Avro data file extension is not avsc

I have followed the below video

  1. In the video, the avrodatafile extension will be .avsc but when i tried it showed up with .avro extension and searched in the http://www.cloudera.com/documentation/enterprise/latest/topics/cdh_ig_avro_usage.html link it strictly mentioned that file extension should be .avro.

  2. In the video it mentioned that after done importing the avrodatafile we can see the output file local machine but i couldn’t see any file like that. Even If it is generate a new file in local file system how that file will generate in local file system without giving any coding.

I am practicing on Cloudera-manager

Can anyone please answer to these questions.

Thank you

Table you are importing, that table data will be in the .avro extension and it will at the location whichever you have mentioned in your import statement.
The .avsc file is schema file of that table, which will be in home dir or dir from which you have imported the table in to hdfs.

Thank you N_Chakote.

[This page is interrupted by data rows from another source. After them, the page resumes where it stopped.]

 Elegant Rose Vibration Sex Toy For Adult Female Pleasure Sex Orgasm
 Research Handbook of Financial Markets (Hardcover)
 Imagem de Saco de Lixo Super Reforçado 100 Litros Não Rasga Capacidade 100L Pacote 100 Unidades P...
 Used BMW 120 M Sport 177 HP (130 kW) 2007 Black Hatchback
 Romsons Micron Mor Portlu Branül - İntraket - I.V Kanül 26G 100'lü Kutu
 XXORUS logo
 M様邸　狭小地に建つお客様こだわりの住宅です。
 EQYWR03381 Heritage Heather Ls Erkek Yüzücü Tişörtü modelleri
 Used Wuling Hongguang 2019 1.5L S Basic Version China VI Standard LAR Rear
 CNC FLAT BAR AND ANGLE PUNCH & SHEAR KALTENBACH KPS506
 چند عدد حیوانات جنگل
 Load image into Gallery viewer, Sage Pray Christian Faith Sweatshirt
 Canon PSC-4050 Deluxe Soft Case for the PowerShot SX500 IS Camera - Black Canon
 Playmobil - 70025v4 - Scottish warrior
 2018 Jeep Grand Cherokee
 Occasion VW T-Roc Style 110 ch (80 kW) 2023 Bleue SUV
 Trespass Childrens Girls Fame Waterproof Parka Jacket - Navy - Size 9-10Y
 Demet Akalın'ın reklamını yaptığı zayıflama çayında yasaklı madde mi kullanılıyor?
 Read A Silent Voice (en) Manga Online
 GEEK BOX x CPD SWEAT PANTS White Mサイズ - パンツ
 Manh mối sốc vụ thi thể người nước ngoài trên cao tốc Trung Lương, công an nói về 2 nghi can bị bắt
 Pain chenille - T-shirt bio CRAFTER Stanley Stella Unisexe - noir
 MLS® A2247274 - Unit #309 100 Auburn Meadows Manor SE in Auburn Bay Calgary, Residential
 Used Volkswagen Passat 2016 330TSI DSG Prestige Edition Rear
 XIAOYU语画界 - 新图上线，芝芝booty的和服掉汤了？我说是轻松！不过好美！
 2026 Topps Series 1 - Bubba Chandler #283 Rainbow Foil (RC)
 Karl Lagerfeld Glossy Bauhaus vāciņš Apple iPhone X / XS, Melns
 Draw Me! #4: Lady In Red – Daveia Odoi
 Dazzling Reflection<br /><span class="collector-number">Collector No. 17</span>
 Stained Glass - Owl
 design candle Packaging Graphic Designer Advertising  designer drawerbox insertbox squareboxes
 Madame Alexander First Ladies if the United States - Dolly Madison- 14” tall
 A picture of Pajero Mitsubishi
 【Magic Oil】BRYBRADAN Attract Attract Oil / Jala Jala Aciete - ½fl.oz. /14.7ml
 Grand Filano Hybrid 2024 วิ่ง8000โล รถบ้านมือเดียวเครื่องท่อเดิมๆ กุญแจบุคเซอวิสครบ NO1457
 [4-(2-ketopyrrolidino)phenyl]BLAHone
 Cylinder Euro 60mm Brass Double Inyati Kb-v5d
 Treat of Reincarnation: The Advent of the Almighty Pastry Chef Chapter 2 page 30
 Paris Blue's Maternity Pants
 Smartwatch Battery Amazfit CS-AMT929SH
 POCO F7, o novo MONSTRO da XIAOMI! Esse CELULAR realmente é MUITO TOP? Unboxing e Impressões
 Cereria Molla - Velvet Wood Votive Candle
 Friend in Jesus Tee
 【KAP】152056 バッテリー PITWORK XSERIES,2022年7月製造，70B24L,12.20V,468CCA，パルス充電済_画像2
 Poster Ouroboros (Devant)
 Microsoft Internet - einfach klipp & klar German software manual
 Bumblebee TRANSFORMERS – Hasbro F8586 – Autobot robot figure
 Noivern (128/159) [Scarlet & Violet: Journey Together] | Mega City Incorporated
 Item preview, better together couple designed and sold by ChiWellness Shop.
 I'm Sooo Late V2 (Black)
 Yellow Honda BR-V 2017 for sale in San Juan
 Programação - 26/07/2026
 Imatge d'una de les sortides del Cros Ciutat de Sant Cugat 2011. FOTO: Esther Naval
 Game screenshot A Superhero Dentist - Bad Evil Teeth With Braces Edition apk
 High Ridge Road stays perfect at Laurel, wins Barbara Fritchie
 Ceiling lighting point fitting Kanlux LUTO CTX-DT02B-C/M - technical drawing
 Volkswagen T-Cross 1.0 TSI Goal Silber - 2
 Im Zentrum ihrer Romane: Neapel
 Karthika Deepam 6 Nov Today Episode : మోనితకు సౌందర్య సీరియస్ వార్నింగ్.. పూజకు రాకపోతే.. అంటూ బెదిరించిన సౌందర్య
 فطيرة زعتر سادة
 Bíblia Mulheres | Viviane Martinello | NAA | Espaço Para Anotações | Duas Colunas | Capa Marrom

I got the clarification on avrodatafile extension but i couldn’t understood one thing about .avsc. I have searched through my local file system but couldn’t find that kind of file. if you don’t mind could you please explain about it little bit more.

Thank you,
Chandana

@chandana204 most likely it will be in the directory from where you have executed sqoop script

@chandana204 .avsc file will have the underlying schema of the table and it will not be present in the LFS (Local File System) but will be present in HDFS. You can get the .avsc file location, by doing “desc formatted Your_Database_name.Your_Table_Name” in the hive or beeline. Hope this helps!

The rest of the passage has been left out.